■ DATA FOR THIS EXERCISE:

============

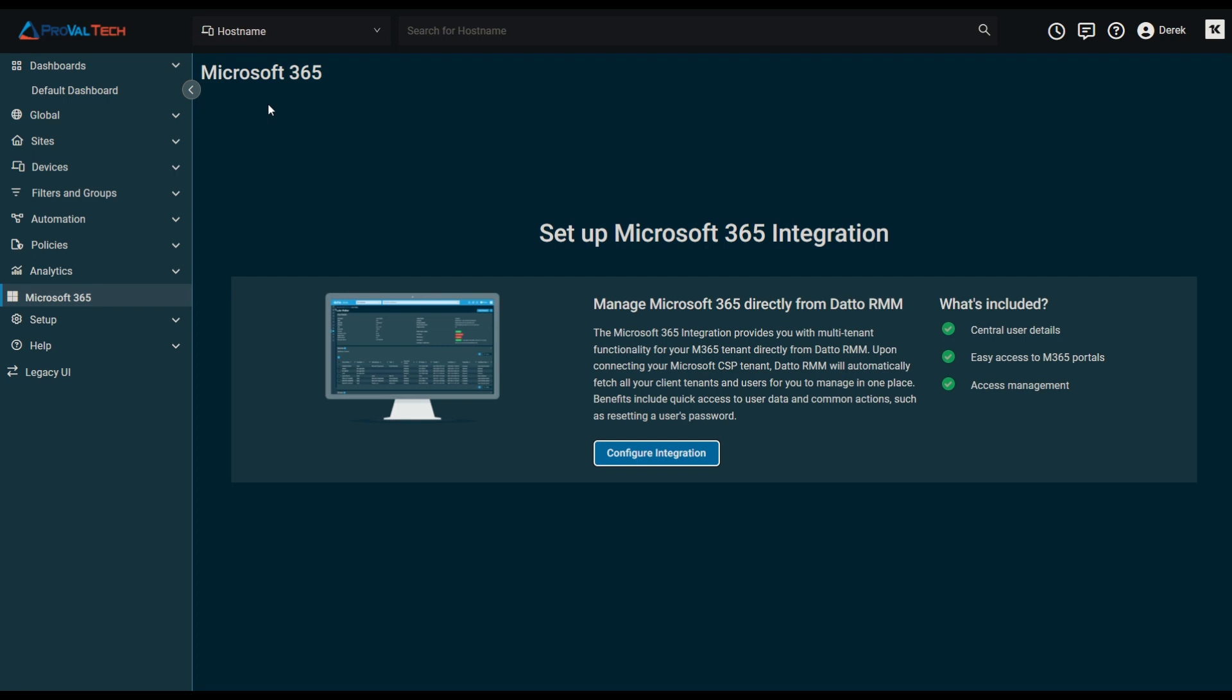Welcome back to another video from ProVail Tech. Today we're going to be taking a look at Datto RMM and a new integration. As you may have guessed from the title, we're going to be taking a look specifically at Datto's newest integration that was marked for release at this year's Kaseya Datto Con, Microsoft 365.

============

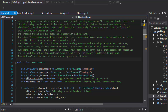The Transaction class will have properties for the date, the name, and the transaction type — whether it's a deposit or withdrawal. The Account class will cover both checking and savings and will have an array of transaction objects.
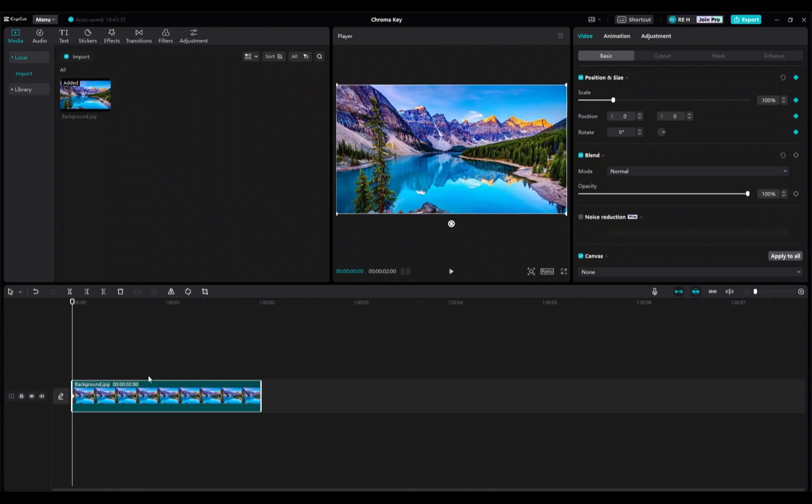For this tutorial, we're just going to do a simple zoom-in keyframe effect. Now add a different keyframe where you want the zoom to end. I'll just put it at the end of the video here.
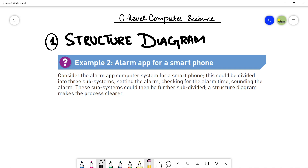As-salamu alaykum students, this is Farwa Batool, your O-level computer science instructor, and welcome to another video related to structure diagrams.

============

■ PROBLEM REQUIREMENTS:
Reproduce, word for word, everything in the listing above from the line containing "For this tutorial, we're" down to the line containing "As-salamu alaykum students, this", both of them included. No pictures.

■ SOLUTION:
For this tutorial, we're just going to do a simple zoom-in keyframe effect. Now add a different keyframe where you want the zoom to end. I'll just put it at the end of the video here.
As-salamu alaykum students, this is Farwa Batool, your O-level computer science instructor, and welcome to another video related to structure diagrams.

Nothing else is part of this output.